◆ YOUR TASK: The lines below are to be quoted exactly, from the first through the one that contains "1610 Edgewater Lane, Camarillo, CA 93010".

◆ RECORDS SUPPLIED:

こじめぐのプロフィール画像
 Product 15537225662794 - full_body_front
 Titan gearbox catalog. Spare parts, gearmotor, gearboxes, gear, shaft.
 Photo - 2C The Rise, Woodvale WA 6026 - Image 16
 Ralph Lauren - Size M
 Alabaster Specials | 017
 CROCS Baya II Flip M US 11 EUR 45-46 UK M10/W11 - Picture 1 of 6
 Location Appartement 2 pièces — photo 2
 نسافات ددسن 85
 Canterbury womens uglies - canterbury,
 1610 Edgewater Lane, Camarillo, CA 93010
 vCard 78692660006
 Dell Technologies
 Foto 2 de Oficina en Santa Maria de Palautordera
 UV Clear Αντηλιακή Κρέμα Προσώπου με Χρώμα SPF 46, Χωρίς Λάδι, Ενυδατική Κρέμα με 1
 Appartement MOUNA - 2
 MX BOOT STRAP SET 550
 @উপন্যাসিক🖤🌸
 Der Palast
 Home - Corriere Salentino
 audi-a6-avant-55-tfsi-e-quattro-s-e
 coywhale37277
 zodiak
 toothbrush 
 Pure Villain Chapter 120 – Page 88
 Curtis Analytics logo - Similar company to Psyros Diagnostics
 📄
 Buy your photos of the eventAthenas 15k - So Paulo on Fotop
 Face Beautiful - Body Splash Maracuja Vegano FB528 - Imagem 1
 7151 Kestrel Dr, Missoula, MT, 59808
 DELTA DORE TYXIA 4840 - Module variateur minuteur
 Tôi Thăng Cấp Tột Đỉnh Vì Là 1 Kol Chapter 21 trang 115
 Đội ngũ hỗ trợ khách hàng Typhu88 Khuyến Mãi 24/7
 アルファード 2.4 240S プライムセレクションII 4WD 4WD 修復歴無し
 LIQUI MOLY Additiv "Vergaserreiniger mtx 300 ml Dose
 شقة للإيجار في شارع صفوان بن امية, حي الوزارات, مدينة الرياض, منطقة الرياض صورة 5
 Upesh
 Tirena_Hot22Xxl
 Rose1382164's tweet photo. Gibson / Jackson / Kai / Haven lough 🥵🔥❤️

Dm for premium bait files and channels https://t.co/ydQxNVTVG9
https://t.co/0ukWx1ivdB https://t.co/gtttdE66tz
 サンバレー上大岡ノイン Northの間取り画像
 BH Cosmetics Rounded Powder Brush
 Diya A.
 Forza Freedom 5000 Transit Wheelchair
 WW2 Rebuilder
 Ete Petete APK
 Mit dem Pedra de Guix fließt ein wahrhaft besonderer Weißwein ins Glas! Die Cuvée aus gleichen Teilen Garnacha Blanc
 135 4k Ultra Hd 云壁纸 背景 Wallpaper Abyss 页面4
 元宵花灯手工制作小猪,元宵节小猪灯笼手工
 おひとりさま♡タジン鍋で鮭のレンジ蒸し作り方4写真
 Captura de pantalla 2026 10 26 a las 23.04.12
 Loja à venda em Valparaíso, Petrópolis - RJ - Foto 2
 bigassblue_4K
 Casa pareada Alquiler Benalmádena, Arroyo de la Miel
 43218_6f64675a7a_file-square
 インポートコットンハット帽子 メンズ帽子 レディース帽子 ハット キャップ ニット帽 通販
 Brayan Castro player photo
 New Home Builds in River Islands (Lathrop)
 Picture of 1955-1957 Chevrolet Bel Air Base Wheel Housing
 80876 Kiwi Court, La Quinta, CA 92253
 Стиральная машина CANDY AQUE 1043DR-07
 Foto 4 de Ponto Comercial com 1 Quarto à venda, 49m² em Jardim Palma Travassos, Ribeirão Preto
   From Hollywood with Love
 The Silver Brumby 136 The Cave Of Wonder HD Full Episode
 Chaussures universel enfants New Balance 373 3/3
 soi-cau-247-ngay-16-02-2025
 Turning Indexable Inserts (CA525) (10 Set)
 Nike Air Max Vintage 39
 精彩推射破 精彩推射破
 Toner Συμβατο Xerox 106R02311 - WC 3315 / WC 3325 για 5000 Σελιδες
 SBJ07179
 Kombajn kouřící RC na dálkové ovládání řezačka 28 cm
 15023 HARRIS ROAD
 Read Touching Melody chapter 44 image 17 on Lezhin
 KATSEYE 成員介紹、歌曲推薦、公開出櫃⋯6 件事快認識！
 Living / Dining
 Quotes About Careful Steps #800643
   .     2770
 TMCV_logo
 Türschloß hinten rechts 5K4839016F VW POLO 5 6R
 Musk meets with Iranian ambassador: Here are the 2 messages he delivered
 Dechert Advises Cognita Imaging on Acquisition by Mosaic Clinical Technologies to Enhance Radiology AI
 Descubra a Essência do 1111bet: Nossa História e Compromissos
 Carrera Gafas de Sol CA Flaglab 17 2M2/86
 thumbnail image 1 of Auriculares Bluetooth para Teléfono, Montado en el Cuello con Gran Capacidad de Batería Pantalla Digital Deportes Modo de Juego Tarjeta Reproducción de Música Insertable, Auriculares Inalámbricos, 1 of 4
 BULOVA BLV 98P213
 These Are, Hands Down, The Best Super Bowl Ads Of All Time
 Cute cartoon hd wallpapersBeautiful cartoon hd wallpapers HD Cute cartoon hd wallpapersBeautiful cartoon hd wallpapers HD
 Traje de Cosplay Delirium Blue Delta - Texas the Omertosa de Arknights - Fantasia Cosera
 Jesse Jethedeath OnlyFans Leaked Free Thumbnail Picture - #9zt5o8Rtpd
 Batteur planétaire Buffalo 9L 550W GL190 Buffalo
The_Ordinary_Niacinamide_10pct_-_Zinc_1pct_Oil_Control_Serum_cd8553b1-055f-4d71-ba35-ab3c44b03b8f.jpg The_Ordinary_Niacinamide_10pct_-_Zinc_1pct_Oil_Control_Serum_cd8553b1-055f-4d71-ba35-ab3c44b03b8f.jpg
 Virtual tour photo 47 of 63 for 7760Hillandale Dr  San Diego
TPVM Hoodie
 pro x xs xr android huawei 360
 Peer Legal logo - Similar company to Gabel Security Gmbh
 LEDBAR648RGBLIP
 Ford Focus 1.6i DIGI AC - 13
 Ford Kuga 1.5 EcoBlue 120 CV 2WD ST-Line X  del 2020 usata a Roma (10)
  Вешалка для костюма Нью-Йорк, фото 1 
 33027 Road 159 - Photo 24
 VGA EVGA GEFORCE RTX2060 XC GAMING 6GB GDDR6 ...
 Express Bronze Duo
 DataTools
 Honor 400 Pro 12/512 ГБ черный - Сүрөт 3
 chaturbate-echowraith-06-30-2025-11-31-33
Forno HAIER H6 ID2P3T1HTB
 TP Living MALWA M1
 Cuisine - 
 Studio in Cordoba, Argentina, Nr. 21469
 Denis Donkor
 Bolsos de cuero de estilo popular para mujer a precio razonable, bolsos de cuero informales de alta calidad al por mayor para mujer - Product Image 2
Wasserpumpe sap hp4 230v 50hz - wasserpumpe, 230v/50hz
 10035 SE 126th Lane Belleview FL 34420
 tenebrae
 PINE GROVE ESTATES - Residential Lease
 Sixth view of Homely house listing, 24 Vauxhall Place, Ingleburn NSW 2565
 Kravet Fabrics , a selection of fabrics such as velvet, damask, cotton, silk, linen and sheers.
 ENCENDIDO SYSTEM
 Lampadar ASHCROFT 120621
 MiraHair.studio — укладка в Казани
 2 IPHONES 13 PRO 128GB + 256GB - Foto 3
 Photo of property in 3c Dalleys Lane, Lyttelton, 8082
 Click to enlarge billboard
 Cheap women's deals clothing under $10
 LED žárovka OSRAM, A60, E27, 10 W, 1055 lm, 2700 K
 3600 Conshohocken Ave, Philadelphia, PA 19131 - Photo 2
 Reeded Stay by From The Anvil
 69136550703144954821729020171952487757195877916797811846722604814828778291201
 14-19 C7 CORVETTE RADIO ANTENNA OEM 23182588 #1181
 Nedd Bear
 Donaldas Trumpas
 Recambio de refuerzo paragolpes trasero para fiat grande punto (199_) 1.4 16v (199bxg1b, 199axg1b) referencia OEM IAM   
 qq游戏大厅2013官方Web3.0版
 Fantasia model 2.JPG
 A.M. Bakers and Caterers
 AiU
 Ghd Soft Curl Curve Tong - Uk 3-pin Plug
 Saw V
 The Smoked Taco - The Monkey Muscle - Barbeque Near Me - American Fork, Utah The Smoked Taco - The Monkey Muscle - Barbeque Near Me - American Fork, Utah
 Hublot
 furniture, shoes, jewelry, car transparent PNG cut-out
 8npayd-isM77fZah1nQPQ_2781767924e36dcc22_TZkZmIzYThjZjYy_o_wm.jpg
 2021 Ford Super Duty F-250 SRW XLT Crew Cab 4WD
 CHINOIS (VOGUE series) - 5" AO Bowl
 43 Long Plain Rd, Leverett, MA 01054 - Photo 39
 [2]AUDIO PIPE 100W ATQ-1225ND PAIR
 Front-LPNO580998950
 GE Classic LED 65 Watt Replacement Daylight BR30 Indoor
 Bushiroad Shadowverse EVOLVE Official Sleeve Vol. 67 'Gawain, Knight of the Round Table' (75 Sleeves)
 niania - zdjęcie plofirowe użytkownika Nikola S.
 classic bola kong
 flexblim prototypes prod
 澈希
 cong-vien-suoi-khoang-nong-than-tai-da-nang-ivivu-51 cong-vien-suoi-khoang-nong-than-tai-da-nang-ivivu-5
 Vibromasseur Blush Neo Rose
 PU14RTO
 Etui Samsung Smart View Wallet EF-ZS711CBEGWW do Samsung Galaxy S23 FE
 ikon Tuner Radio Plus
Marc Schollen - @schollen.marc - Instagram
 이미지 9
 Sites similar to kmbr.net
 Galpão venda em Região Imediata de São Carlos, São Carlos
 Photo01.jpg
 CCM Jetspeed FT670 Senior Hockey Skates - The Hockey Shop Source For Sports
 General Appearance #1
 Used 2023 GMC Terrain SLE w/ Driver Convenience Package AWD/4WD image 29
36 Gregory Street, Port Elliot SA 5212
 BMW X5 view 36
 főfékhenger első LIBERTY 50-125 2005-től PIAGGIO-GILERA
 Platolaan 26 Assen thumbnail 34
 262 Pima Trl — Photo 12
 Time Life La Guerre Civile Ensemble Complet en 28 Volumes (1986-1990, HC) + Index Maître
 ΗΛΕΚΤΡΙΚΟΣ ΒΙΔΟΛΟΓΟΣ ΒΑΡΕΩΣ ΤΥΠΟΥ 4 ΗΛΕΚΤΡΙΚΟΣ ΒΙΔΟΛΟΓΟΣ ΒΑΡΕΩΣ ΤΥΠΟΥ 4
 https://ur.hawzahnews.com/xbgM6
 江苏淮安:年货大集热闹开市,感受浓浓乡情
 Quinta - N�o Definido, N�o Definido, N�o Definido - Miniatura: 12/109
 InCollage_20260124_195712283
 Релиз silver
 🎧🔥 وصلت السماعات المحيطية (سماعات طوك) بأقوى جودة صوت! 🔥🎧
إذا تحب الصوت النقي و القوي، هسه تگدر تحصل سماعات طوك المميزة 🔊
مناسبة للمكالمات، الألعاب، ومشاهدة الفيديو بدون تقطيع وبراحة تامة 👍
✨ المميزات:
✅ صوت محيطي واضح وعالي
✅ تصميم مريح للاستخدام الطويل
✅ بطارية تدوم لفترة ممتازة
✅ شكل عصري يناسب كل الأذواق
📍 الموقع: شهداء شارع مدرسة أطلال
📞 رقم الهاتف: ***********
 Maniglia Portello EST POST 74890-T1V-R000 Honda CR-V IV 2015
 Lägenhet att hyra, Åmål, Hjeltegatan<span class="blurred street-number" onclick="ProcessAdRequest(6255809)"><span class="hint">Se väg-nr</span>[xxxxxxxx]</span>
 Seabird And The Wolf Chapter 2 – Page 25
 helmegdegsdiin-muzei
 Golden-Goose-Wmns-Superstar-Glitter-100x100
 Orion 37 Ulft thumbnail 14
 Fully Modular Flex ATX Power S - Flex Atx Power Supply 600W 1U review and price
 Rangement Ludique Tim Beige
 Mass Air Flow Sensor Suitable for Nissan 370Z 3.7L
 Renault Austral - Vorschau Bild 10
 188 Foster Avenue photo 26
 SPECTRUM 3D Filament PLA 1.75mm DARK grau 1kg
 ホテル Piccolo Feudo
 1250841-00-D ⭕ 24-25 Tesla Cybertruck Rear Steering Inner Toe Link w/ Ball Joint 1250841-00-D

◆ SOLUTION:
こじめぐのプロフィール画像
 Product 15537225662794 - full_body_front
 Titan gearbox catalog. Spare parts, gearmotor, gearboxes, gear, shaft.
 Photo - 2C The Rise, Woodvale WA 6026 - Image 16
 Ralph Lauren - Size M
 Alabaster Specials | 017
 CROCS Baya II Flip M US 11 EUR 45-46 UK M10/W11 - Picture 1 of 6
 Location Appartement 2 pièces — photo 2
 نسافات ددسن 85
 Canterbury womens uglies - canterbury,
 1610 Edgewater Lane, Camarillo, CA 93010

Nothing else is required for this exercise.